Hayden AI is looking to grow its data platform to enable reliable, scalable, and high-performance data systems across the organization. This involves designing and building core data infrastructure, optimizing data pipelines, ensuring data quality and reliability, and collaborating with product and data-science teams to deliver impactful data solutions that power their product and deliver business insights.
Requirements
- Strong proficiency in Python, Scala or Java for data processing and automation.
- Hands-on experience with AWS data services such as Kinesis/Kafka, Glue, EMR, Iceberg, Redshift, S3, and Lambda.
- Solid understanding of data modeling, ETL/ELT design, and distributed data processing (Spark or Flink).
- Experience with infrastructure-as-code (Terraform or CloudFormation) and CI/CD automation.
- Familiarity with data governance, lineage, and observability best practices.
- Working knowledge of cloud security, IAM, and cost optimization in AWS.
- AWS or data engineering certifications are a strong plus.
Responsibilities
- Evolve the data platform leveraging AWS services such as Kinesis/Kafka, Glue, EMR, Lambda, and Redshift to support streaming, batch, and analytical workloads at scale.
- Design and implement robust data ingestion and transformation pipelines, ensuring reliability, performance, and schema consistency across diverse data sources.
- Establish and enforce data quality, validation, and observability standards, building automated checks and alerts using CloudWatch, Datadog and custom frameworks.
- Optimize data storage and lifecycle management through intelligent S3 partitioning, versioning, and lifecycle policies to balance performance, cost, and retention.
- Conduct regular performance, scalability, and cost-efficiency audits of data pipelines and warehouses, proactively identifying and resolving bottlenecks or inefficiencies.
- Ensure data reliability and resilience, implementing redundancy, checkpointing, and replay strategies for real-time and near-real-time data systems.
- Define and maintain data governance and security best practices, including IAM-based access control, encryption policies, and compliance with internal data standards.
Other
- 6+ years of experience in software or data engineering, focused on large-scale big-data systems and low latency systems.

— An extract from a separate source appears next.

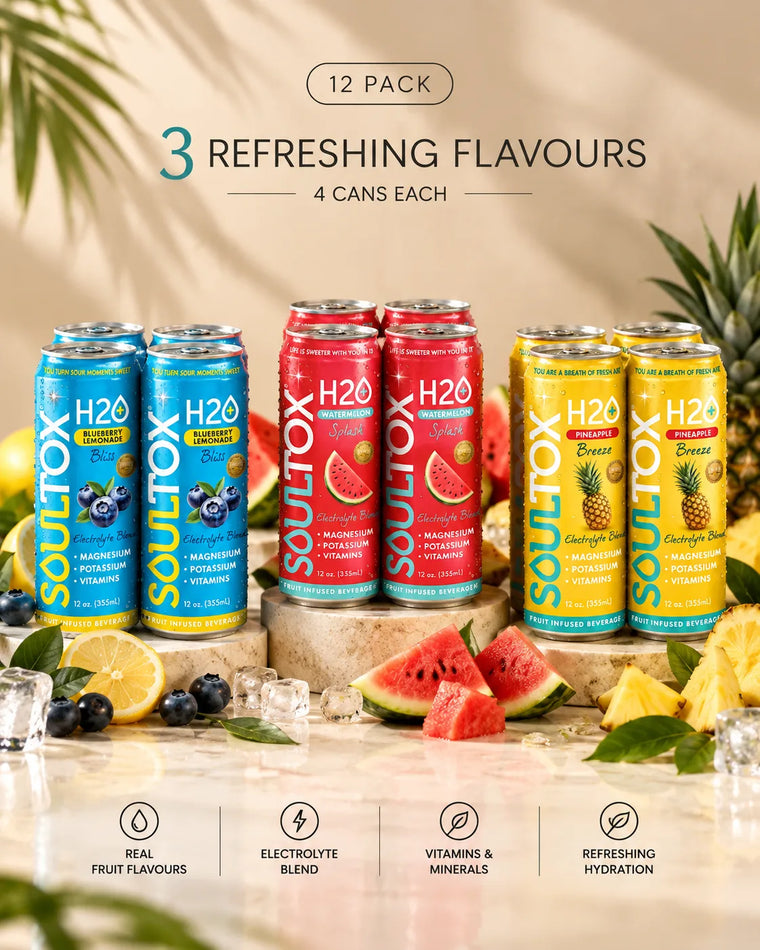 SOULTOX Fruit Fusion Variety Pack | 12 Cans, Four of Each Flavor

- Excellent collaboration and communication skills, with experience working cross-functionally with analytics and platform teams.
- Mentor other engineers and promote best practices in data architecture, pipeline design, and development across the engineering organization.
- Lead root-cause analysis and incident response for data platform issues, driving long-term reliability improvements and knowledge sharing across teams.
- Stay current with AWS and data engineering advancements, evaluating new tools and services to continuously improve scalability, developer velocity, and data accessibility.